Clin Exp Dermatol. 2011 Mar;36(2):178-87. doi: 10.1111/j.1365-2230.2010.03916.x. Epub 2010 Aug 27.
Exposure of human skin to ultraviolet radiation (UVR) results in erythema, pigment darkening, skin cancer and photoageing. In addition to conventional organochemical and the physical-mineral type sunscreens (SS), other non-SS protective strategies have been investigated, including antioxidants (AOx) and topical DNA repair enzymes.
To investigate whether AOx could improve the protection provided by a broad-spectrum sunscreen (SS) preparation.
Volunteers were exposed to repetitive solar-simulated (ss)UVR at 1.5 times minimal erythema dose for four consecutive days. Thirty minutes before each exposure and 6, 24 and 48 h after the last exposure, the test materials [vehicle, SS (sun protection factor 25) alone, AOx alone and SS plus AOx] were applied to four different sites. Another two sites received ssUVR only, or SS plus AOx only, and a third site was left untreated (neither ssUVR or product). Erythema and pigmentation were measured using a Mexameter. Biopsy specimens were taken 72 h after the last irradiation. The thickness of the stratum corneum and epidermis were measured by microscopy. Expression of cytokeratins (CKs), matrix metalloproteinases (MMPs) and CD1a-positive Langerhans cells (LCs) analysed by immunohistochemical staining, and relative expression levels were compared between all seven sites.
AOx alone did not reduce erythema. There was a significant reduction in pigmentation, and the product almost completely protected against LC depletion. AOx plus SS gave better protection against pigment formation and CK5/6 induction than SS alone. AOx alone protected against ssUVR-induced hyperproliferation, as shown by epidermal thickness and CK16 biomarkers, and was better than SS alone. Interestingly, although protection against induction of MMP-9, a marker of photoageing, did not reach significance when either SS or AOx were applied separately, there was complete protection against MMP-9 induction when these were combined.

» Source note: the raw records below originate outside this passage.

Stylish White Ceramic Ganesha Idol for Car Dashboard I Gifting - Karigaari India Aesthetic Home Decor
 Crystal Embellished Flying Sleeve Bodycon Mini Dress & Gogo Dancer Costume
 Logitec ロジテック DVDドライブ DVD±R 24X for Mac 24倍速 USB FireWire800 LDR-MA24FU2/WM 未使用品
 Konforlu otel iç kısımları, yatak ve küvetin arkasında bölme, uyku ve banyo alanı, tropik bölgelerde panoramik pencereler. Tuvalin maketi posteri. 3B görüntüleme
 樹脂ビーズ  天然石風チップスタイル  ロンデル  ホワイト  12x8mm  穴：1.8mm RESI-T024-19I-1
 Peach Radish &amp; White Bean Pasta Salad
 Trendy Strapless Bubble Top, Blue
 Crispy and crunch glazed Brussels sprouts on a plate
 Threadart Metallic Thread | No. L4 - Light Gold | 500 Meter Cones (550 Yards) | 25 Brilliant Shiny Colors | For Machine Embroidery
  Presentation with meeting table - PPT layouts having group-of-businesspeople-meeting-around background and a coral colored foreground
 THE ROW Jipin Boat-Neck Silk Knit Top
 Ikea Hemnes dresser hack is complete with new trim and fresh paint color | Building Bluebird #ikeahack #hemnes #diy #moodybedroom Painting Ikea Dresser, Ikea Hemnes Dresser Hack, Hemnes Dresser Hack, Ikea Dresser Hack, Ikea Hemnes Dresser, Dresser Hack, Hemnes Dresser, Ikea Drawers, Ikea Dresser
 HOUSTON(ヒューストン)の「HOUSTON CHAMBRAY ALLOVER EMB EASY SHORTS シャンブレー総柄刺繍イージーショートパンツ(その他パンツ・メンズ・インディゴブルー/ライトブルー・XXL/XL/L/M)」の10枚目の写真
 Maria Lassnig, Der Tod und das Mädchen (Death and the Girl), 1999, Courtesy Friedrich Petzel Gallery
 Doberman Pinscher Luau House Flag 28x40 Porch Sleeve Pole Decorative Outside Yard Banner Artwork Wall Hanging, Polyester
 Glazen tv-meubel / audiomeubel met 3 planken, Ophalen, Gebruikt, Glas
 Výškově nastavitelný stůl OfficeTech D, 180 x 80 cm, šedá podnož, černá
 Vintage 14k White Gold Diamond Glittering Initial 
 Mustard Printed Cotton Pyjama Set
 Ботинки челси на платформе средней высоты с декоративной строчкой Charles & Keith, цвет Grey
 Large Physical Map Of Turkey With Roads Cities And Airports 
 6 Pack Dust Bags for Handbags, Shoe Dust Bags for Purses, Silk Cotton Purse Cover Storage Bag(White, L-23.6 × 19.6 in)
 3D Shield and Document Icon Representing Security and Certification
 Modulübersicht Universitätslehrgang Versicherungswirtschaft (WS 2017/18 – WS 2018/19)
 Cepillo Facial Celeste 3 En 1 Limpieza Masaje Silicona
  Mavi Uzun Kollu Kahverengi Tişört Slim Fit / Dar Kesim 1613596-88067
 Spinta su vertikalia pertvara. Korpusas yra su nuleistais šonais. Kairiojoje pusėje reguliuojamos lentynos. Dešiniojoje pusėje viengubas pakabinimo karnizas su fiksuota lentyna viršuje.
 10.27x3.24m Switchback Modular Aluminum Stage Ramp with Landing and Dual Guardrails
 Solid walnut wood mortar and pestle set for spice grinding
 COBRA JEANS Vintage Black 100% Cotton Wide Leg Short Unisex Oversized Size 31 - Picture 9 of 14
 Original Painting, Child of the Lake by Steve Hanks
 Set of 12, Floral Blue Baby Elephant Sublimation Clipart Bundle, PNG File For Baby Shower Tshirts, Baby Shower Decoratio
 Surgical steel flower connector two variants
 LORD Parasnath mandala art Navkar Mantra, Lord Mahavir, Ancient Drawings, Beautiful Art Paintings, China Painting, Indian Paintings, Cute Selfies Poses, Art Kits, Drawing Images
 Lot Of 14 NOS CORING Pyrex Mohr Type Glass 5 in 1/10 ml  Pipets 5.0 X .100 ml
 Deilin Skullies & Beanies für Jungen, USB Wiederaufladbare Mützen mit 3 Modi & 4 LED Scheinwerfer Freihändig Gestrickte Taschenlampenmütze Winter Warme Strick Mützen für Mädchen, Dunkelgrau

Non-SS materials such as AOx can contribute significantly to sun protection when added to a broad-spectrum SS and applied topically to human skin in vivo.
人类皮肤暴露于紫外线辐射(UVR)会导致红斑、色素沉着、皮肤癌和光老化。除了传统的有机化学和物理矿物型防晒霜(SS)外,还研究了其他非 SS 保护策略,包括抗氧化剂(AOx)和局部 DNA 修复酶。
研究抗氧化剂(AOx)是否可以改善广谱防晒霜(SS)制剂的保护作用。
志愿者连续四天接受重复的太阳模拟(ss)UVR,剂量为最小红斑剂量的 1.5 倍。在每次暴露前 30 分钟以及最后一次暴露后 6、24 和 48 小时,将测试材料[载体、单独的 SS(防晒系数 25)、单独的 AOx 和 SS 加 AOx]涂抹在四个不同部位。另外两个部位仅接受 ssUVR 或 SS 加 AOx,第三个部位不接受治疗(既不接受 ssUVR 也不接受产品)。使用 Mexameter 测量红斑和色素沉着。在最后一次照射后 72 小时采集活检标本。通过显微镜测量角质层和表皮的厚度。通过免疫组织化学染色分析细胞角蛋白(CKs)、基质金属蛋白酶(MMPs)和 CD1a 阳性朗格汉斯细胞(LCs)的表达,并比较所有七个部位之间的相对表达水平。
单独使用 AOx 并不能减轻红斑。色素沉着有明显减少,该产品几乎完全防止 LC 耗竭。与单独使用 SS 相比,AOx 加 SS 能更好地防止色素形成和 CK5/6 诱导。单独使用 AOx 可防止 ssUVR 诱导的过度增殖,这可通过表皮厚度和 CK16 生物标志物显示,并且优于单独使用 SS。有趣的是,尽管 SS 或 AOx 单独使用时对 MMP-9(光老化标志物)的诱导没有显著的保护作用,但当两者结合使用时,对 MMP-9 诱导的完全保护作用。
当非 SS 材料(如 AOx)添加到广谱 SS 中并在体内局部涂抹于人体皮肤时,可显著提高防晒效果。